- PROBLEM TO SOLVE -
Your job is to give again, exactly and with no additions, the lines in the records below from the one with "54 - States/Provinces" through the one with "Heimfleiss Fil de", both included. Omit the pictures.

- DATA FOR ANALYSIS -
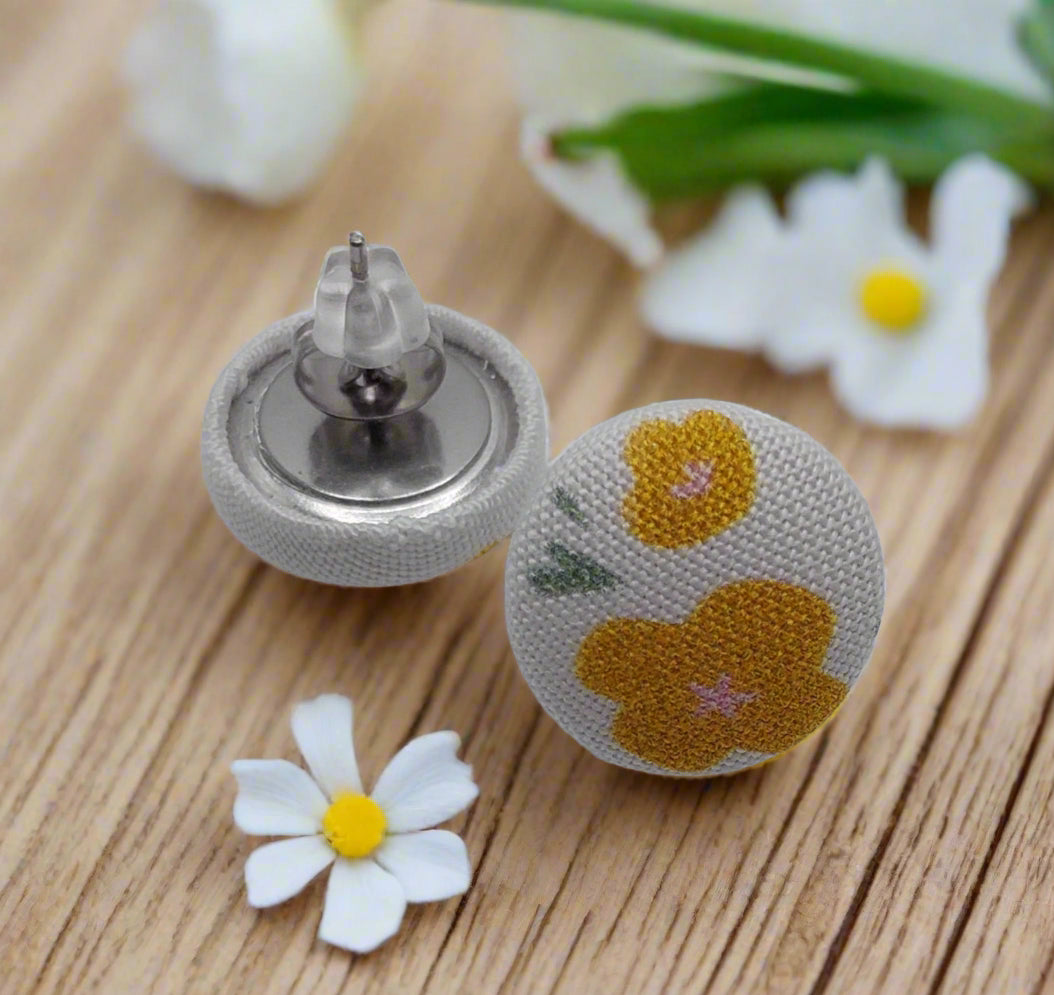 Mustard Blossoms Fabric Button Stud Earrings (16mm)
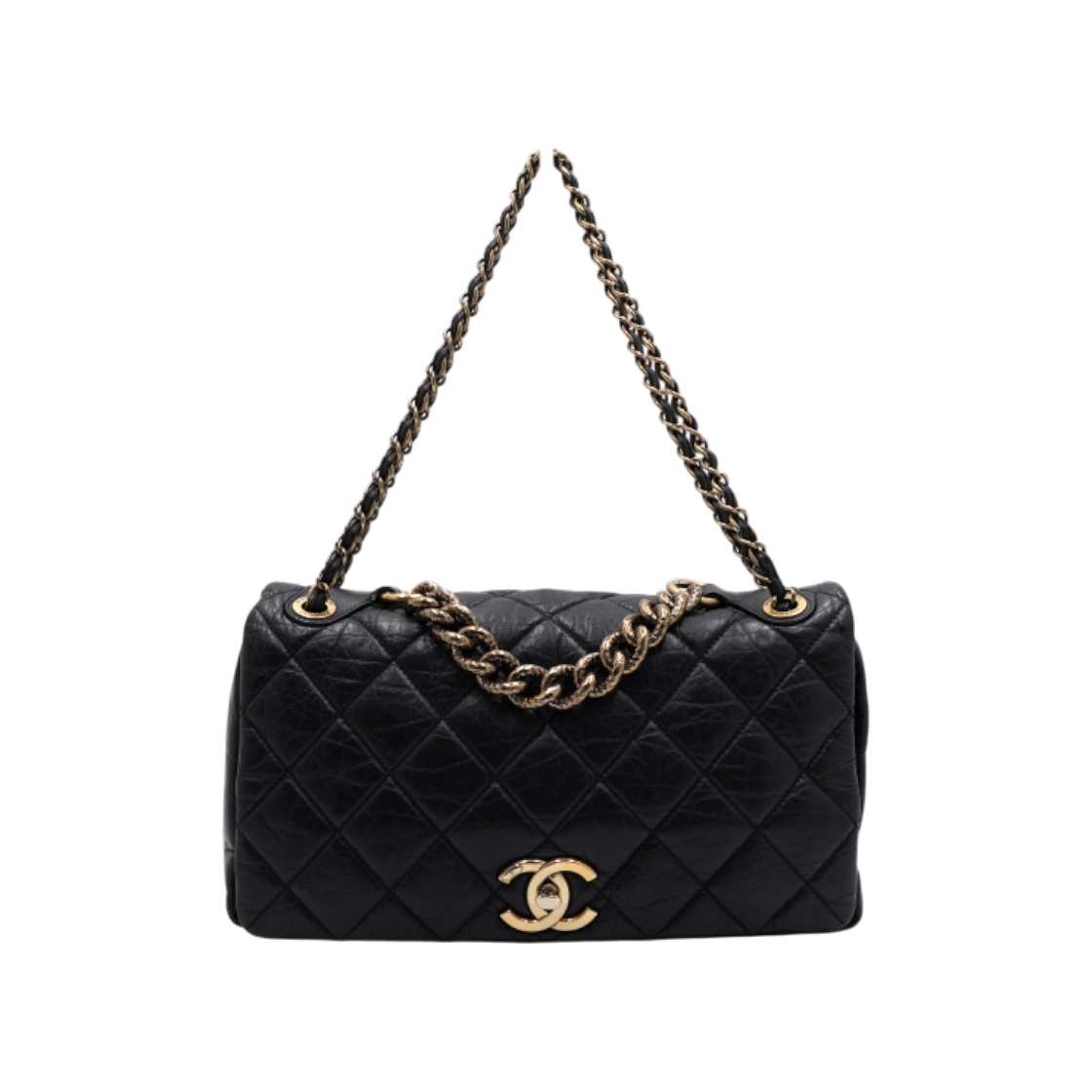 ITA4KBO7ES7G Chanel Black Calfskin Quilted Flap Coco Vintage Chain Top Handle Tote Bag & Shoulder Bag AA59923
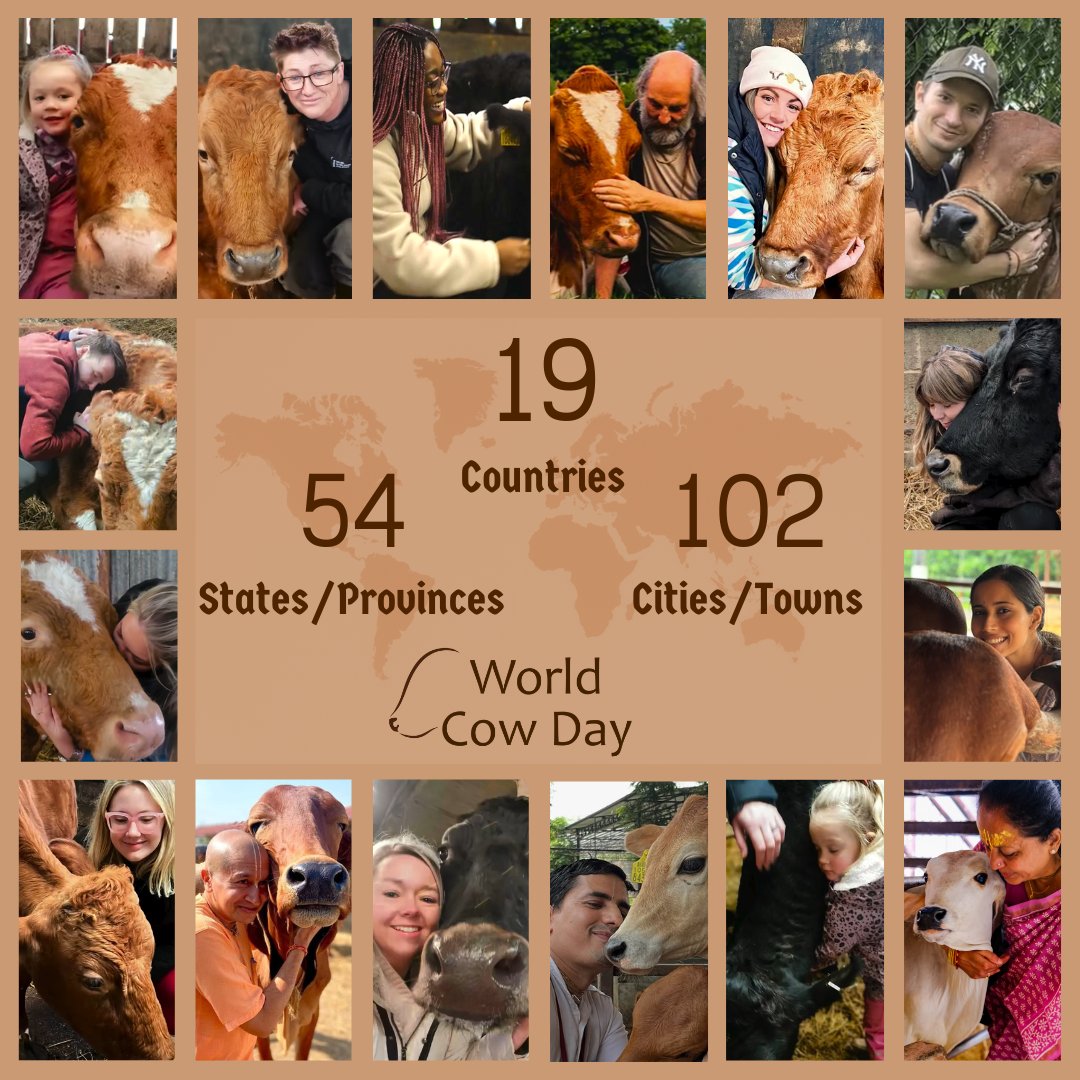 WrldCowDay's tweet photo. COW UNITES THE WORLD

19 - Countries
54 - States/Provinces
102 - Cities/Towns

...and growing!

#WorldCowDay #WorldNeedsMe #WCD2025

#cowwelfare #cowprotection #careforcows #cows #animallovers #cowlovers #vegan #vegetarian #sustainableliving #lovecows #unity #compassion https://t.co/hAiUfklVx3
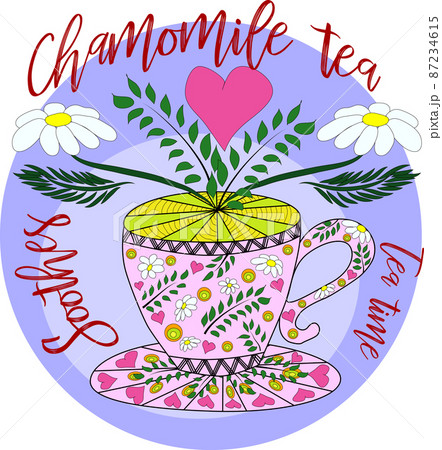 Cup of hot camomile tea and stem with leaves and flowers. Chamomile stem with leaves and flowers. 87234615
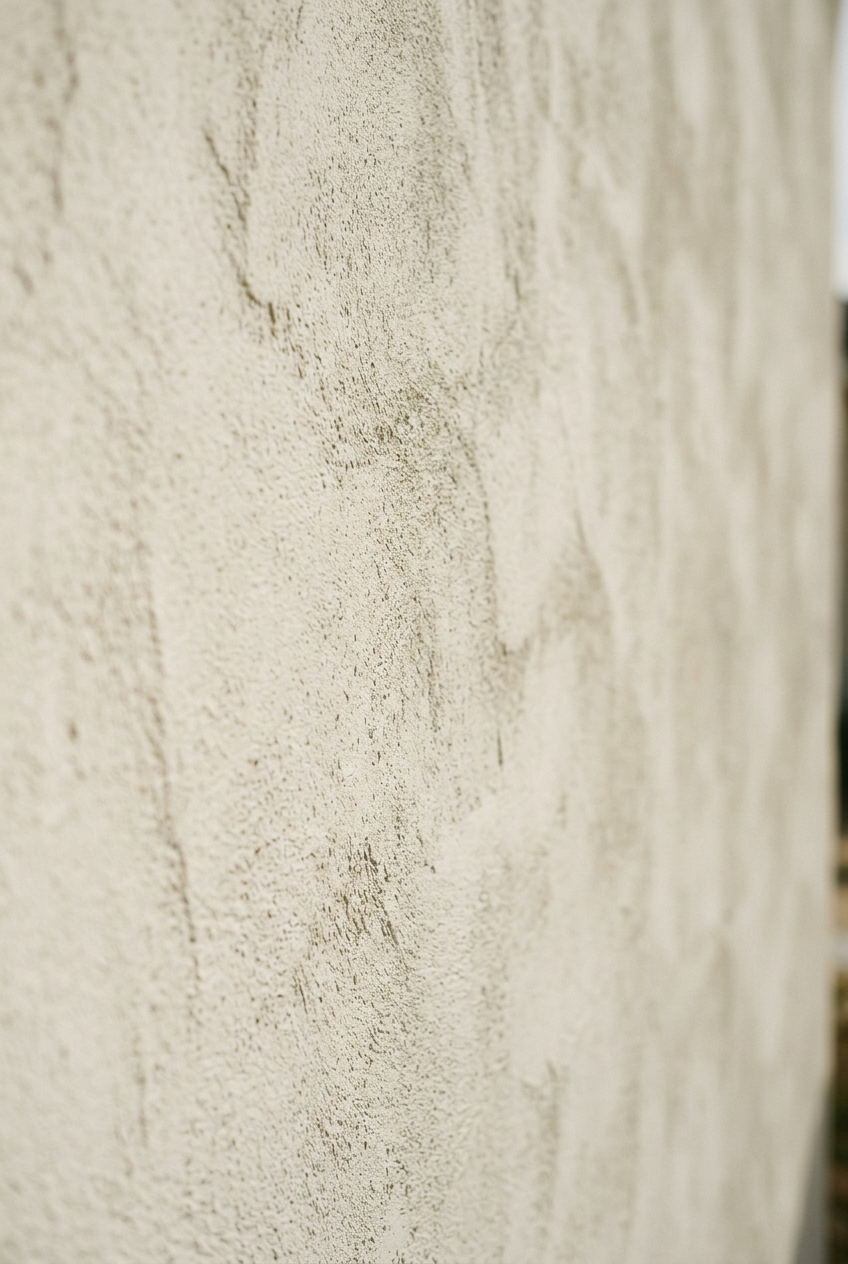 Close-up of a textured, beige stucco wall with subtle surface details.
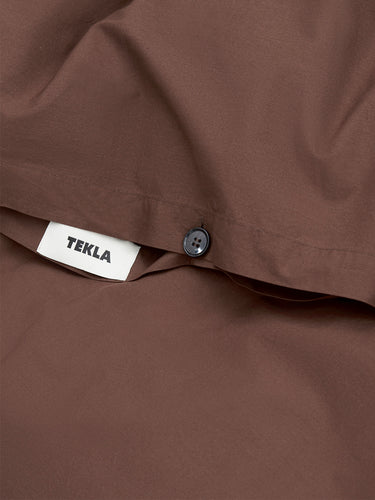 Tekla - Percale Duvet Cover in Cocoa Brown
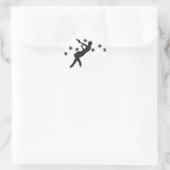 Silhouette des Kampfhelden Runder Aufkleber (Tasche)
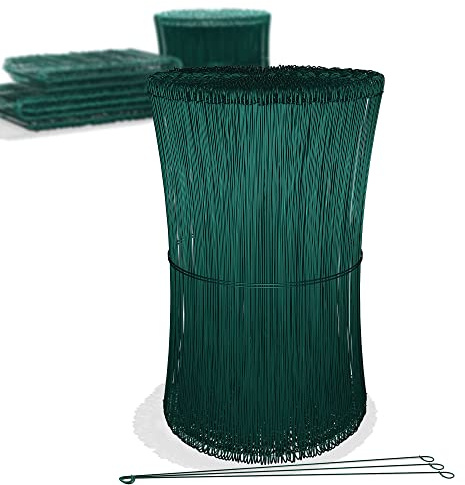 Heimfleiss Fil de liaison, gainé, vert, 1,4 x 100 à 300 mm, (1 000 pièces), en acier inoxydable et durable, pour appareil triplé, pince à enrouler et perceuse à fil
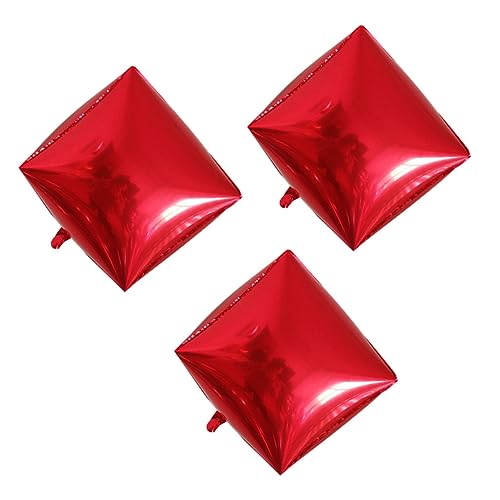Gatuida 3 Stück Ballon Aus Aluminiumfolie Quadratische Luftballons Quadratischer Ballon Aus Aluminium Partyballons Engagement Hintergrund Luftballons Hochzeitsdekoration Würfel Rot von Gatuida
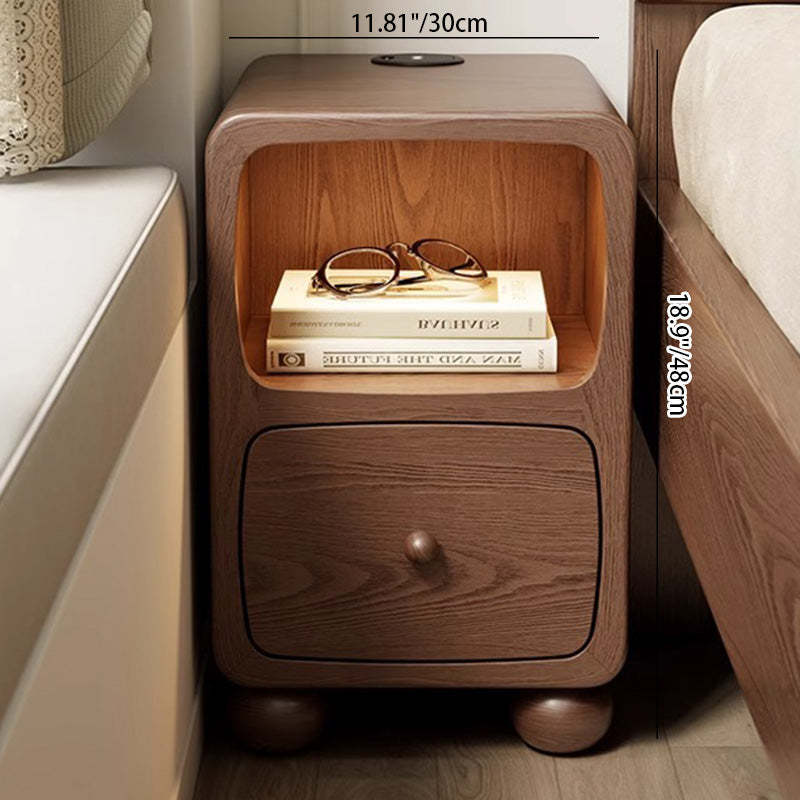 Modern Luxury Rubberwood Multi-Panel Nightstand — Original Wood Color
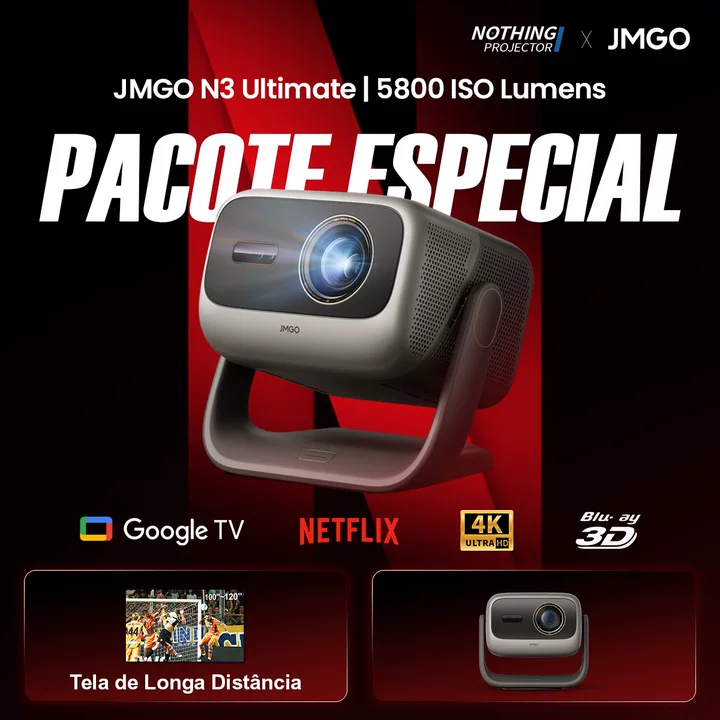 JMGO N3 Ultimate - Projetor Gimbal 4K a Laser Triplo de Longa Distância com 5800 Lúmens ISO, Zoom Óptico, Deslocamento de Lente 3 em 1 e VRR & ALLM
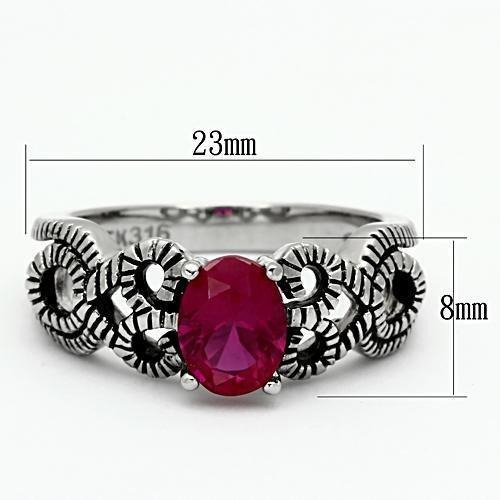 TK1112 - High polished (no plating) Stainless Steel Ring with AAA Grade CZ  in Ruby-1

- WRITTEN RESPONSE -
54 - States/Provinces
102 - Cities/Towns

...and growing!

#WorldCowDay #WorldNeedsMe #WCD2025

#cowwelfare #cowprotection #careforcows #cows #animallovers #cowlovers #vegan #vegetarian #sustainableliving #lovecows #unity #compassion https://t.co/hAiUfklVx3
 Cup of hot camomile tea and stem with leaves and flowers. Chamomile stem with leaves and flowers. 87234615
 Close-up of a textured, beige stucco wall with subtle surface details.
 Tekla - Percale Duvet Cover in Cocoa Brown
 Silhouette des Kampfhelden Runder Aufkleber (Tasche)
 Heimfleiss Fil de liaison, gainé, vert, 1,4 x 100 à 300 mm, (1 000 pièces), en acier inoxydable et durable, pour appareil triplé, pince à enrouler et perceuse à fil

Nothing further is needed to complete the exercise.